2° La Prolétarskaïa Pravda, à en croire la Retch, « confond décidément » libre disposition et séparatisme, séparation de telle ou telle nation.
3° « Effectivement jamais les constitutionnels-démocrates n’ont entrepris de défendre le droit « des nations à se séparer » de l’Etat russe. » (Voir l’article : « Le national-libéralisme et le droit des nations à disposer d’ellesmêmes » dans la Prolétarskaïa Pravda n° 12. du 29 décembre 1913.)
Portons notre attention tout d’abord sur le second point de la déclaration de la Retch Comme il montre nettement aux Semkovski, Liebmann, Iourkévitch et autres opportunistes, que leurs cris et propos au sujet du prétendu « manque de clarté » ou de « précision » que présenterait le sens des mots « libre disposition » ne sont en fait, c’est-à-dire par le rapport objectif des classes et de la lutte des classes en Russie, qu’une simple répétition des discours que tient la bourgeoisie monarchiste libérale !
Lorsque la Prolétarskaïa Pravda posa à MM. les « constitutionnalistes-démocrates » éclairés de la Retch trois questions : 1) s’ils niaient que dans toute l’histoire de la démocratie internationale, à partir surtout de la seconde moitié du XIXe siècle, on entendait par libre disposition des nations précisément leur libre disposition politique, le droit de former un Etat national indépendant ? 2) s’ils niaient que la décision que l’on sait du congrès socialiste international de Londres, en 1896, avait ce même sens et 3) que Plékhanov, lorsque déjà en 1902 il écrivait sur la libre disposition, entendait par là précisément la libre disposition politique ; lorsque la Prolétarskaïa Pravda posa ces trois questions, messieurs les cadets gardèrent le silence !!
Ils n’ont pas répondu un seul mot parce qu’ils n’avaient rien à répondre Ils ont dû reconnaître implicitement que la Prolétarskaïa Pravda avait absolument raison.
Les cris des libéraux selon lesquels la notion de « libre disposition » manquerait de clarté, et les socialdémocrates la « confondraient impardonnablement » avec le séparatisme, ne recouvrent qu’une tendance à embrouiller la question, à se dérober à la reconnaissance de ce principe établi par la démocratie. Si les Semkovski, Liebmann et Iourkévitch étaient moins ignares, ils se feraient scrupule de parler devant des ouvriers dans un esprit libéral.
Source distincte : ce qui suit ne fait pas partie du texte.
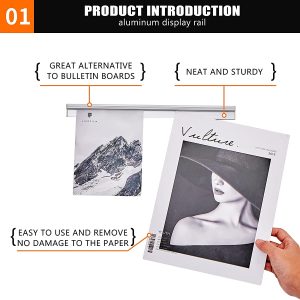Joy Aid Magic-Clip Display Rail for Picture, Photo, Postcard, Document, Blueprint, Note, Reminder, Order and More, Tape and Magnet Included,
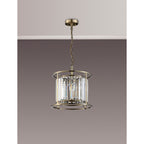 NL91289 Maccia 3 Light Pendant/Ceiling Light Antique Brass Clear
Mais poursuivons. La Prolétarskaïa Pravda a contraint la Retch de reconnaître que, dans le programme des constitutionnels-démocrates, les mots : libre disposition « culturelle » ont précisément le sens d’une négation de la libre disposition politique
« Effectivement, jamais les constitutionnels-démocrates n’ont entrepris de défendre le droit « des nations à se séparer de l’Etat russe » : ce n’est pas sans raison que la Prolétarskaïa Pravda recommandait ce propos de la Retch au Novoïé Vrémia et à la Zemchtchina comme un échantillon de la « loyauté » de nos cadets. Dans son numéro 13.563, le Novoïé Vrémia qui, bien entendu, ne perd pas une occasion de « manger du Juif » et de déchirer les cadets à belles dents, a cependant déclaré :
Ce qui pour les social-démocrates constitue un axiome de sagesse poli tique (c’est-à-dire la reconnaissance du droit des nations à disposer d’elles-mêmes, à se séparer) commence aujourd’hui à susciter des désaccords même parmi les cadets.
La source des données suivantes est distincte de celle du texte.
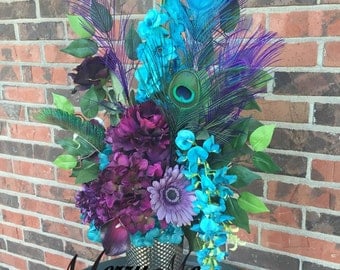 Purple and Turquoise Centerpiece - Peacock Feathers - Silk and True Touch Flowers Floral Arrangement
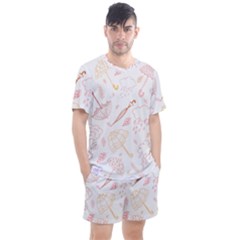 Weather Umbrella Rain Cloud Seamless Doodle Pattern Men s Mesh Tee And Shorts Set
En principe les cadets s’en tiennent à une position absolument identique à celle du Novoïé Vrémia, en déclarant que « jamais ils n’ont entrepris de défendre le droit des nations à se séparer de l’Etat russe ». C’est là un des principes du national-libéralisme des cadets, de leur affinité avec les Pourichkévitch, de leur dépendance politique vis-à-vis de ces derniers, au point de vue idéologique et pratique. « Messieurs les cadets ont étudié l’histoire, écrivait la Prolétarskaïa Pravda, et ils savent parfaitement à quels actes « pogromiformes » — pour employer un euphémisme — a souvent abouti dans la pratique le droit traditionnel des Pourichkévitch d’appliquer la politique de « la poigne et de la défense expresse((Allusion à l’arbitraire policier. Emprunté à la nouvelle de l’écrivain russe Gleb Ouspenski La Guérite. L’un de ses personnages, le policier par trop zélé Mymretzov, est un homme à poigne. Il conduit à tout propos des gens au poste, leur défend expressément d’aller où bon leur semble.)) ». Bien que sachant parfaitement la source et la nature féodales de l’omnipotence des Pourichkévitch, les cadets n’en restent pas moins entièrement sur le terrain des rapports et frontières constitués précisément par cette classe. Bien que sachant parfaitement tout ce qu’il y a de non européen, d’anti-européen (d’asiatique, dirions-nous, si cela ne paraissait exprimer un dédain que rien ne justifie pour les Japonais et les Chinois) dans les rapports et frontières constitués ou déterminés par cette classe, messieurs les cadets les reconnaissent comme une limite au delà de laquelle on ne saurait aller.
C’est bien ce qui s’appelle s’adapter aux Pourichkévitch, ramper devant eux, craindre d’ébranler leur situation, les protéger contre un mouvement populaire, contre la démocratie. « Cela signifie en fait — écrivait la Prolétarskaïa Pravda — s’adapter aux intérêts des féodaux et aux pires préjugés nationalistes de la nation dominante, au lieu de combattre systématiquement ces préjugés ».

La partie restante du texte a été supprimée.